Along with some 400 others, it contains a supplement called Parade, which I pluck out of the insert package only for its syndicated column, "Ask Marilyn," by Marilyn vos Savant, who in five successive editions of the "Guinness Book of World Records" was listed as having the highest IQ in the world. (What happened in that sixth year, Marilyn?)

I consult Marilyn's column only on the chance of gleaning a morsel or two of knowledge, which is my favorite form of entertainment. But to find her, I have to page past stories about whichever celebrities are currently dating, marrying, separating, divorcing, battling, expecting, adopting, or rehabbing.

And then there are the advertisements, many of which imply strongly that I am infirm, wrinkled, blotchy, and in dire need of their "rejuvenating" products. Well, perhaps I'm not the typical Parade reader.

One ad implies that I can't even get in and out of the bathtub unassisted, and that I may have "given up bathing because of age." Well, I have given up many things in my time, some even voluntarily, but bathing is not one of them. The Archimedes Bath Lift (I did not make that up) is a battery-operated chair that would lower me into the tub and raise me out of it. In between, I imagine, it would permit me to be buoyed up by a force equal to the weight of the water I displace. Mercifully, it does not encourage me to run through the streets naked, shouting, "Eureka!"

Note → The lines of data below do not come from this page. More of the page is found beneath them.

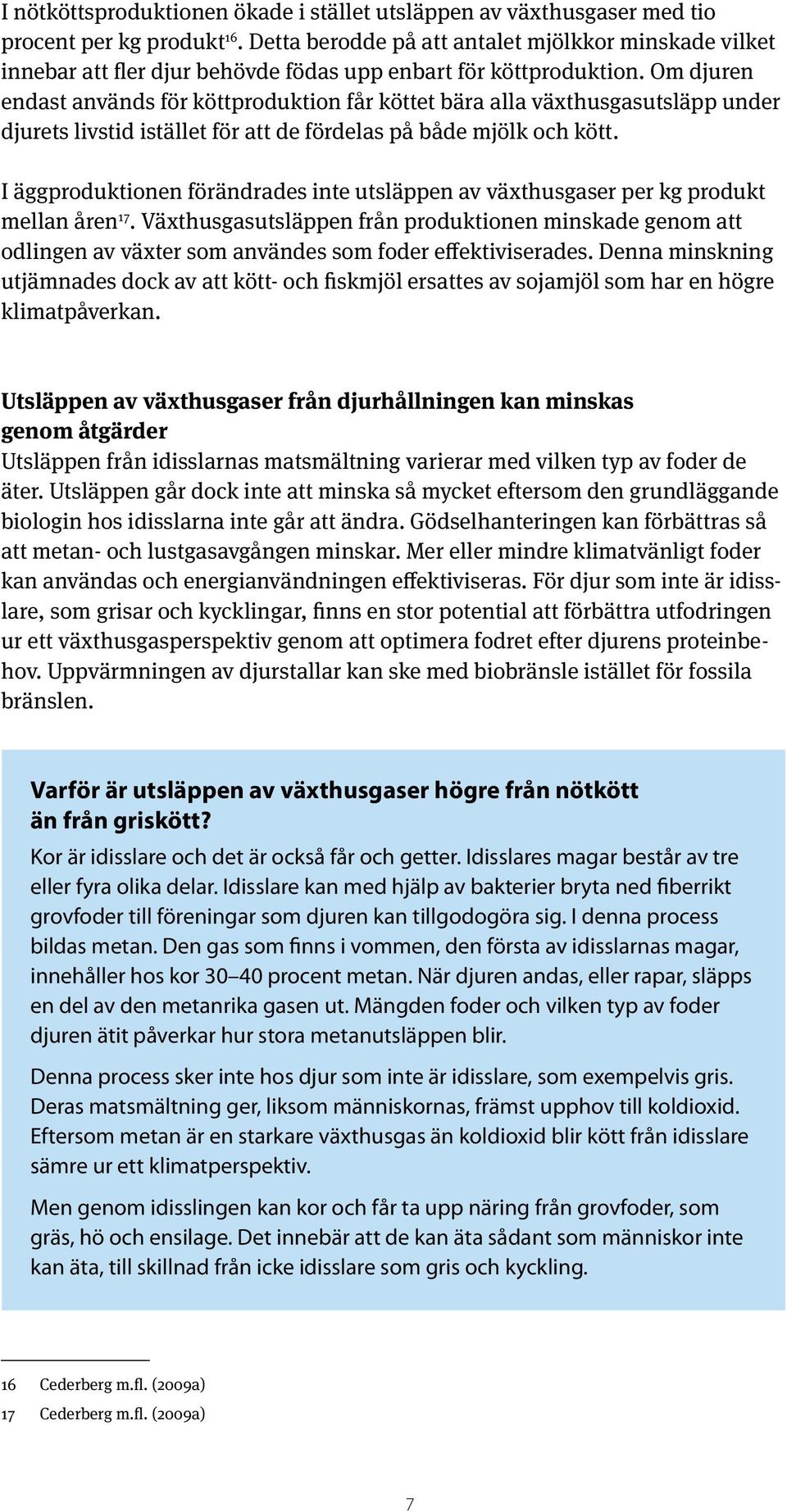 Om djuren endast används för köttproduktion får köttet bära alla växthusgasutsläpp under djurets livstid istället för att de fördelas på både mjölk och kött.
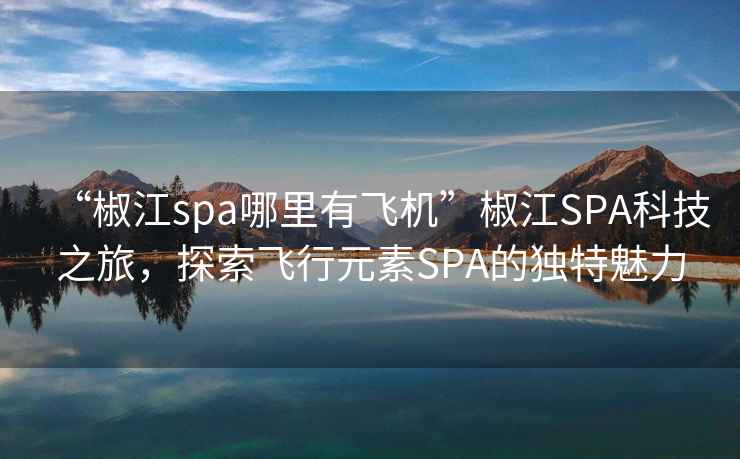 “椒江spa哪里有飛機(jī)”椒江SPA科技之旅，探索飛行元素SPA的獨(dú)特魅力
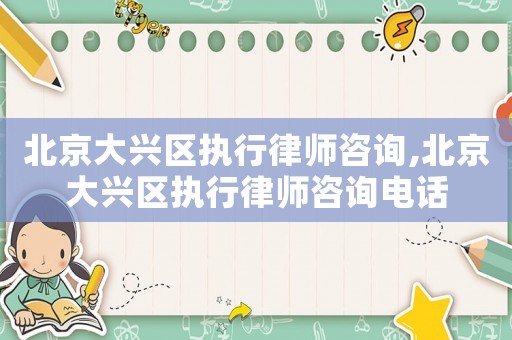 北京大興區執行律師咨詢,北京大興區執行律師咨詢電話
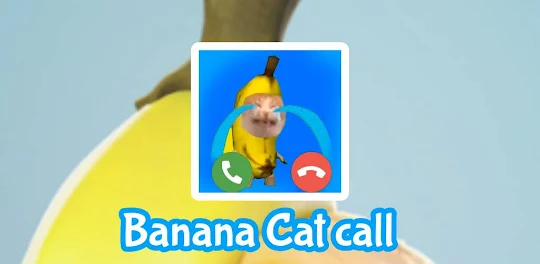 Banana Cat - call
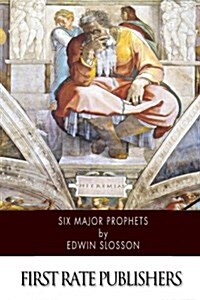 Six Major Prophets (Paperback)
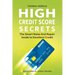 High Credit Score Secrets - The Smart Raise And Repair Guide to Excellent Credit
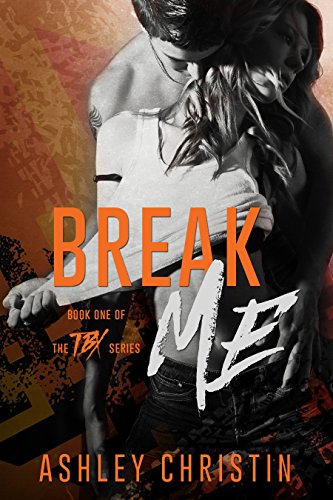 BREAK ME (TBX Book 1)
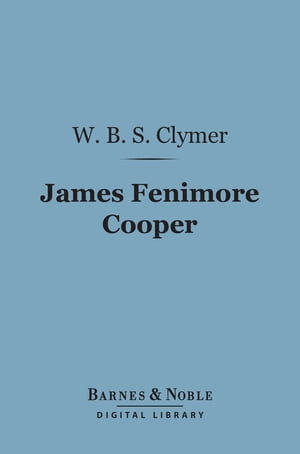 James Fenimore Cooper (Barnes & Noble Digital Li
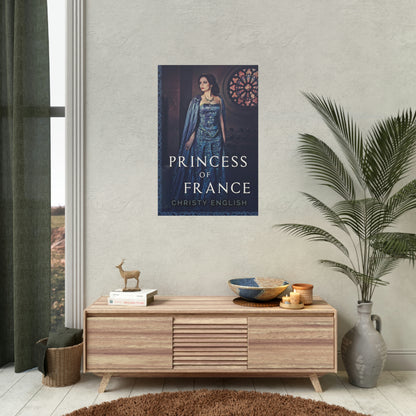 Princess Of France - Rolled Poster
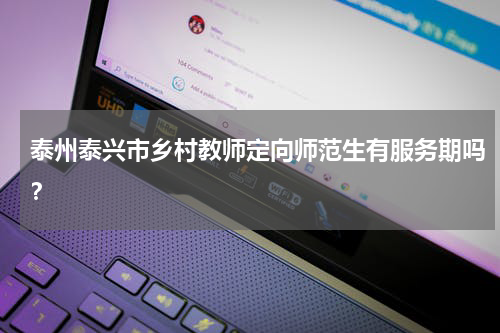 泰州泰兴市乡村教师定向师范生有服务期吗？
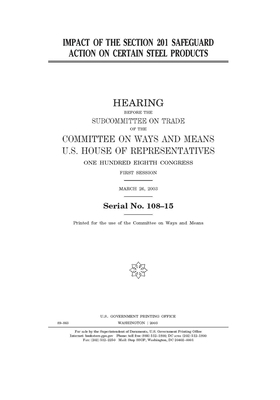 Impact of the section 201 safeguard action on certain steel products by Committee on Ways and Means Sub (house), United S. Congress, United States House of Representatives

Several advertisements focus on my purported "age-worn skin." I resent that, because my skin is the only organ I routinely expose to public view (although only rarely in its entirety), and it is therefore the primary indication to the world of who and what I am. Nobody ever sees my brilliant brain or stout heart, for example—or, luckily, my liver.

One advertisement is headed "Your Hands Definitely Show Your Age" and promotes a hand "revitalizer" that will make me "look 5, 10, even 20 years younger!" Heck, if that's all there is to it, I can look younger instantly by putting my hands in my pockets. This product also promises "to reduce the appearance of free radical damage." I just hate the appearance of free radical damage, don't you?

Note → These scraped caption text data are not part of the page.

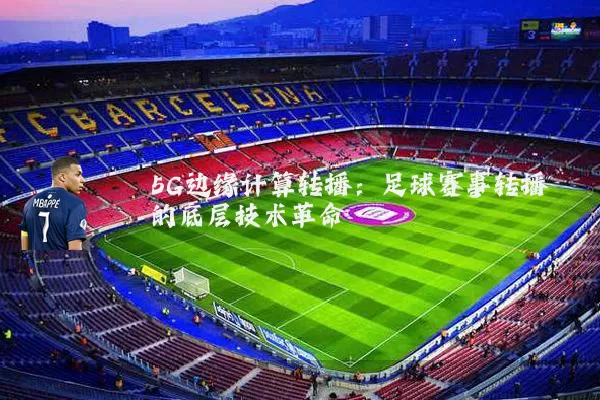 5G边缘计算转播：足球赛事转播的底层技术革命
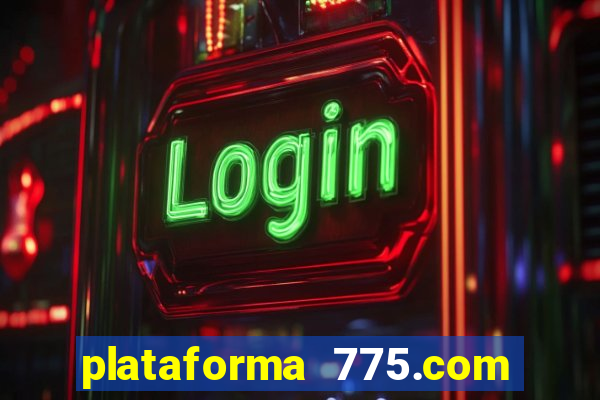 plataforma 775.com é confiavel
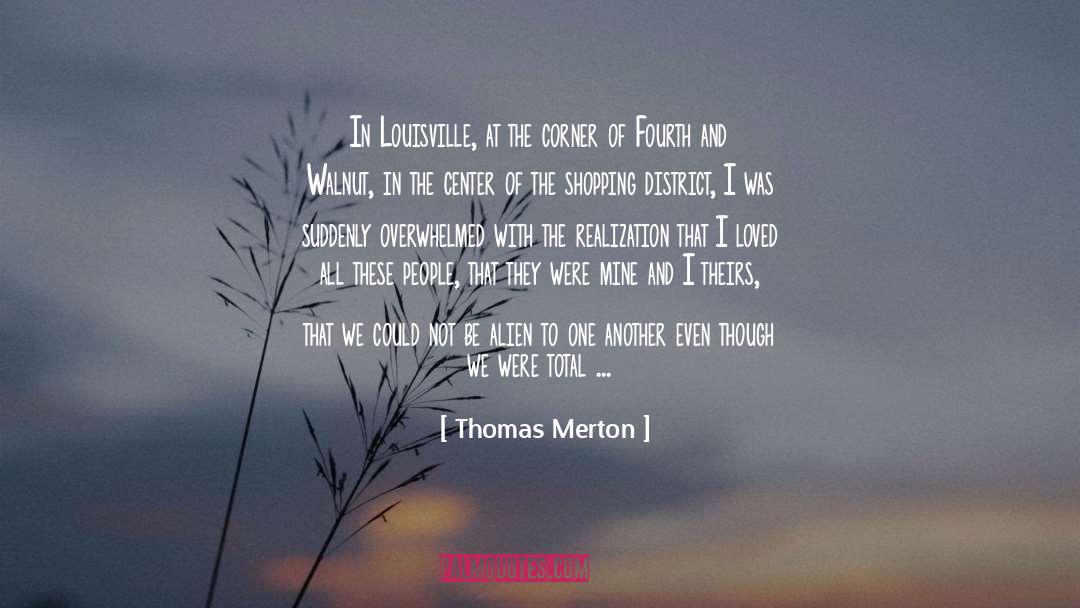 Losing A Loved One Suddenly quotes by Thomas Merton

Free radicals are all the rage in the skin game these days. Many "anti-aging" products now contain antioxidants such as vitamins E and C and beta-carotene, intended to destroy all those nasty little free radicals that are presumably having a picnic on my skin.

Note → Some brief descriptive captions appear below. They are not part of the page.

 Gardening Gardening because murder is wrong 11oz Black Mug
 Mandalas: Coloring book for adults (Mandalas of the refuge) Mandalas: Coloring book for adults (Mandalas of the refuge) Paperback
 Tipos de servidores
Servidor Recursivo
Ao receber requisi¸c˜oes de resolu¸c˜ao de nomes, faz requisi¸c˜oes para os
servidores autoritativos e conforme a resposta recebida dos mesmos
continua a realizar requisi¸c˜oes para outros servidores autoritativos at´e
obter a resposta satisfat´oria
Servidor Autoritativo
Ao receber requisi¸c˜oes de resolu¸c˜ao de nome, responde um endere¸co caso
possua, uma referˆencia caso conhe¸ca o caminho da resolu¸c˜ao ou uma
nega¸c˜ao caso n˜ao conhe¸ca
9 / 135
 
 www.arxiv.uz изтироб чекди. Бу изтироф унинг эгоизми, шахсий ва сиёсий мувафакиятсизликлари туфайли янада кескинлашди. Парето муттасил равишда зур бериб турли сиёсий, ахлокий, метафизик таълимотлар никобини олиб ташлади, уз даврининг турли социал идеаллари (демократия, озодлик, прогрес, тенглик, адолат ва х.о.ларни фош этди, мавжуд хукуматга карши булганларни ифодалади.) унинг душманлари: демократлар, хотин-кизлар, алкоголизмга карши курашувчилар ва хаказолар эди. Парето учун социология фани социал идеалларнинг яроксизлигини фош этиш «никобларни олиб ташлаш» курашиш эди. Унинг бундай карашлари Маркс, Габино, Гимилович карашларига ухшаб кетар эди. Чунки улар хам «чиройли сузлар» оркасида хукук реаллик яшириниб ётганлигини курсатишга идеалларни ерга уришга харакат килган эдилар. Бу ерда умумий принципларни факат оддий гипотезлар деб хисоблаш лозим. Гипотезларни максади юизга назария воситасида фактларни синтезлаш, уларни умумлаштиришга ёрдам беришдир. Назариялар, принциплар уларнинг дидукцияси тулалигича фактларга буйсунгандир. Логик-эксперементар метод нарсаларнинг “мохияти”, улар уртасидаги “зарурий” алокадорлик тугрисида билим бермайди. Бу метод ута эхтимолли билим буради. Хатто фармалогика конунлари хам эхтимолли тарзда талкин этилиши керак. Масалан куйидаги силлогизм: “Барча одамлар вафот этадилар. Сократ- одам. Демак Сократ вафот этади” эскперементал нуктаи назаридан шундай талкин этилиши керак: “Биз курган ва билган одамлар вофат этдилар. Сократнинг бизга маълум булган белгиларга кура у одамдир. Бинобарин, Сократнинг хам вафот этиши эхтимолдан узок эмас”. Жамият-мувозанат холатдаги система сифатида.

Now, I'm well aware that there are cosmetics chemists among my readers, and I don't mean to make fun of their profession. But I'm sure they are as amused as I am at what the marketing people have been doing with their formulations.

• One product's ad says that it is "infused with an anti-aging complex to help regenerate the skin's surface at the cellular level." I must concede that my skin's surface is made of cells "at the cellular level," but so are all my other aging organs. Could this product "regenerate" them also? If so, I can suggest a few candidates.

• Then there is the "Zero Gravity Lift" face cream. But under zero-G conditions, I wonder how I'm supposed to know whether it is lifting or lowering my face.

• Other products contain exotic, scientific-sounding ingredients such as "an exclusive amino-peptide complex," a "hexapeptide complex," and "oxygenated derma-beads." Look that up in your Beilstein!

Technical words such as complex, oxygenated, buffer, cellular, peptide, infusion, and fusion (presumably nonnuclear) are very trendy in today's skin-cosmetic ads. And of course, a lotion is no longer a lotion; it is a "serum" or a "crème," which is obviously much better than a cream because it is French.

In search of the science (if any) behind all these claims, I have become an obsessive reader of the lists of ingredients on cosmetics labels. But I confess that I don't understand what most of them are or what they do. If you don't either, the cosmetics ingredient dictionary at www.cosmeticscop.com/shop/ingredients.asp#skin will tell you a lot more than you will ever need to know.